• _Task prompt_
Each line of the data below between the one containing "Beko 60cm Electric" and the one containing "3.1 Phillip Lim", both included, is to be repeated exactly. Please omit pictures.

• _Provided records_
★ ★ ★ ★ ★ ★ ★
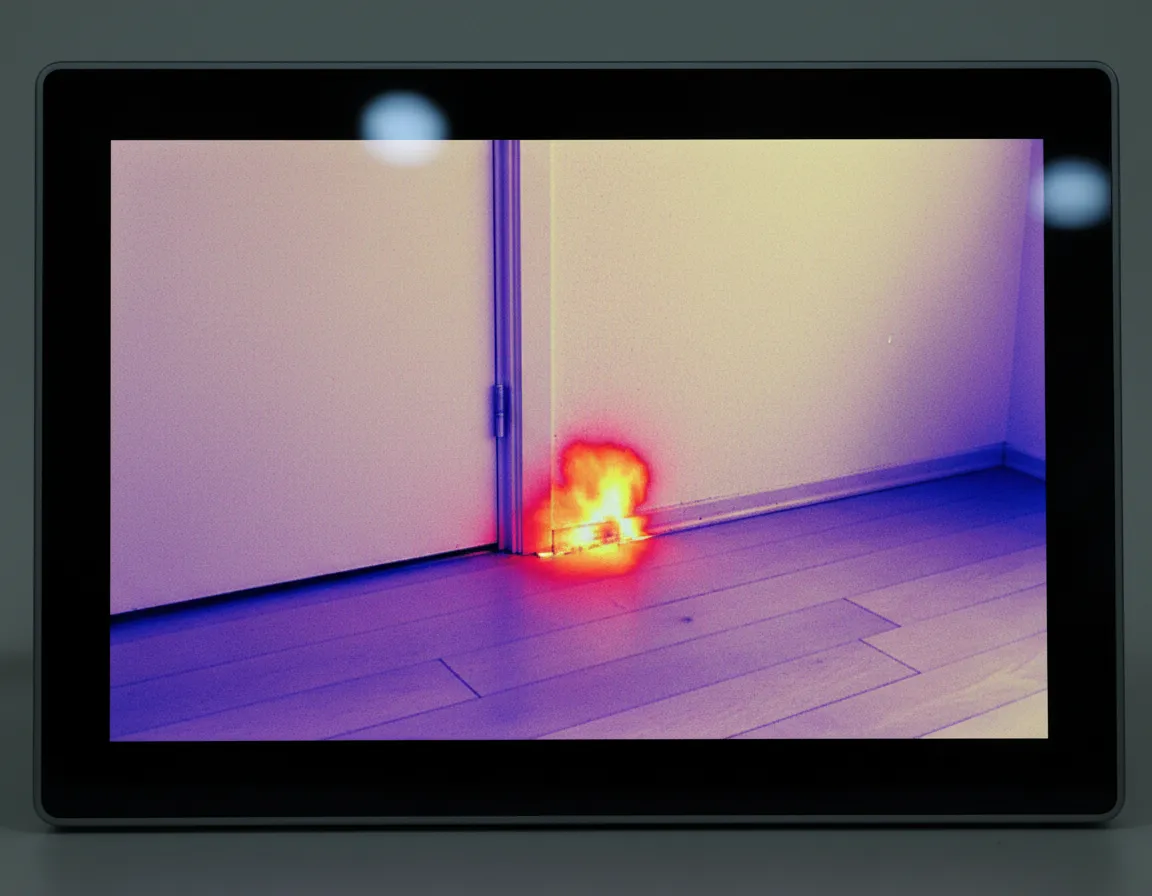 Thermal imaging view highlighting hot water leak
★ ★ ★ ★ ★ ★ ★
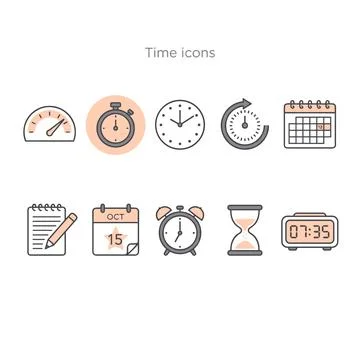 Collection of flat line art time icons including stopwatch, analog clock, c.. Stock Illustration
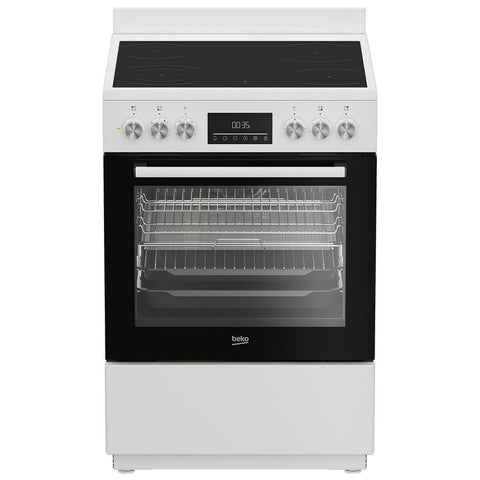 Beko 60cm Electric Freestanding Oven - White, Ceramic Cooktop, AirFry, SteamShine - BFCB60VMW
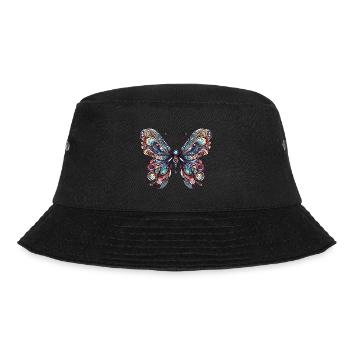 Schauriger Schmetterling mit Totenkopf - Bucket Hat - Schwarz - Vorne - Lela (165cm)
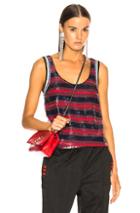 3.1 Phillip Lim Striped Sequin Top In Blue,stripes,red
★ ★ ★ ★ ★ ★ ★
• _Solution for this exercise_
 Beko 60cm Electric Freestanding Oven - White, Ceramic Cooktop, AirFry, SteamShine - BFCB60VMW
 Schauriger Schmetterling mit Totenkopf - Bucket Hat - Schwarz - Vorne - Lela (165cm)
 3.1 Phillip Lim Striped Sequin Top In Blue,stripes,red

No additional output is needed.